The district court denied the request believing the instruction was unnecessary in light of the limited evidence of his preexisting condition and the court's generic instructions on proximate cause and damage. We are unable to say that the trial court erred in this regard, since there was little or no risk that the jury might attribute Salazar's injuries to his preexisting conditions. Also, because the instruction related solely to damages and the jury's verdict of "no cause of action" indicates it did not reach the damage issue, failure to give the instruction, even if error, would not be a ground for reversal. Beadle, 165 Mich.App. 516 (failure to give S.J.I.2d 50.11 on preexisting conditions, though error, is not a ground for reversal where jury has returned a "no cause of action" verdict.).

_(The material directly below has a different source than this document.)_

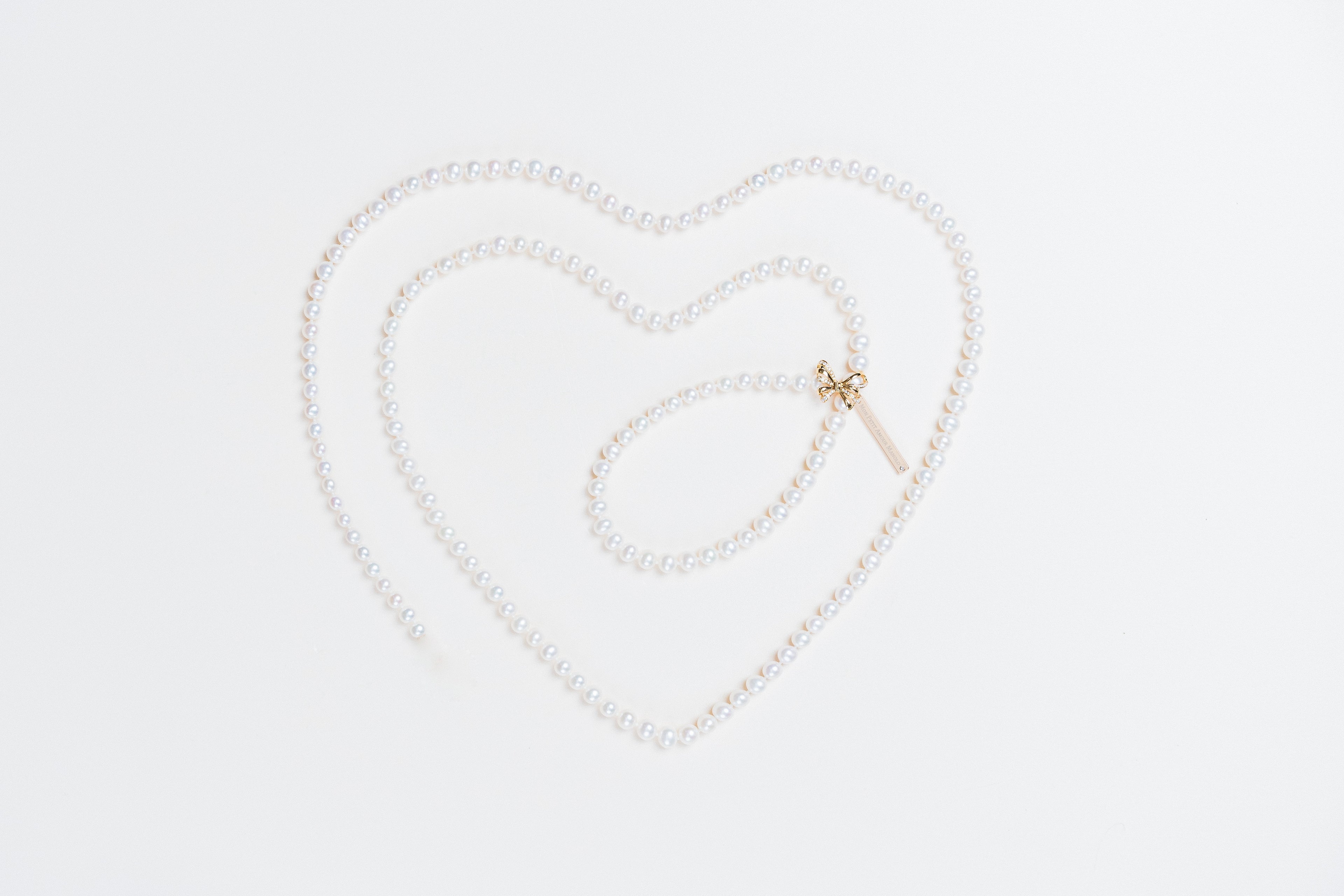 Akoya pearl necklace with diamond pave ribbon clasp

At trial, Salazar's counsel attempted to admit a response to an interrogatory and a letter from defense counsel supplementing discovery after a witness testified differently from what the interrogatory indicated his testimony would be. The witness, Bill Niedoliwka, originally believed that the accident occurred as a result of the failure of the master link. By the time his deposition was taken, Niedoliwka believed the cause of the accident was the failure of the cotter pins. The court refused to admit the interrogatory and counsel's supplement to it on the ground that they were not listed in the pretrial order of exhibits.

Niedoliwka's change of testimony was not a surprise at the time of trial; Salazar's counsel knew at the time of Niedoliwka's deposition that his testimony had changed and could have included the impeachment exhibits in the pretrial order. Counsel offers no excuse for failing to have done so. Even without the proposed exhibits, Salazar's counsel questioned the witness extensively and was able to impeach him by having him admit that his theory of the cause of the accident had changed. Given the extensive cross-examination, exclusion of the exhibits did not affect a substantial right of plaintiff and is not reversible error.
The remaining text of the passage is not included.